Your goal:
The material below is to be copied exactly from the line with "Needle It Up" up to and including the line with "Maxus Flat Lever", with nothing else kept and no pictures.

Data extract:

————————

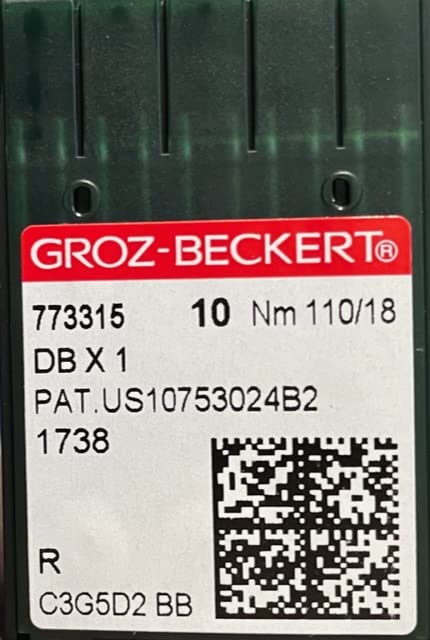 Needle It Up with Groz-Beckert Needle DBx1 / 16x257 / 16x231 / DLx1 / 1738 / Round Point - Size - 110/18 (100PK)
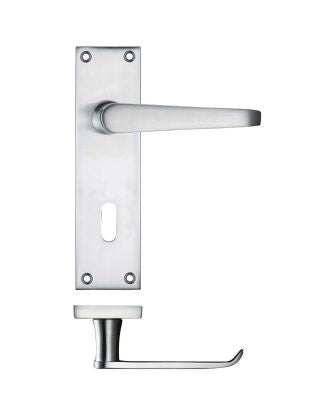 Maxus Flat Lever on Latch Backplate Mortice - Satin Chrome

————————

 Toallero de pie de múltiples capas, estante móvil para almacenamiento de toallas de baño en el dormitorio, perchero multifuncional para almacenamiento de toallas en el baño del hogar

————————

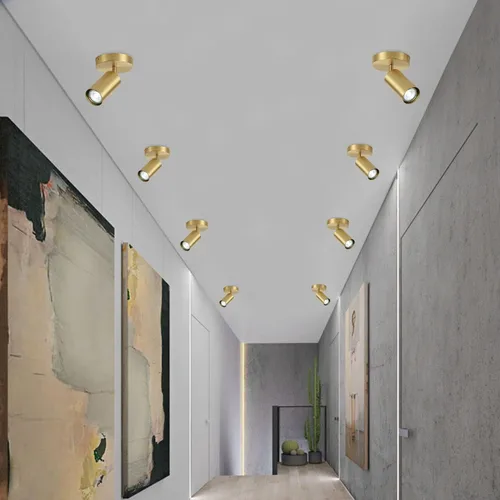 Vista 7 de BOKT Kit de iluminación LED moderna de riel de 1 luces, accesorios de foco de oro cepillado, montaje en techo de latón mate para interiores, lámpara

————————

Solution to this task:
 Needle It Up with Groz-Beckert Needle DBx1 / 16x257 / 16x231 / DLx1 / 1738 / Round Point - Size - 110/18 (100PK)
 Maxus Flat Lever on Latch Backplate Mortice - Satin Chrome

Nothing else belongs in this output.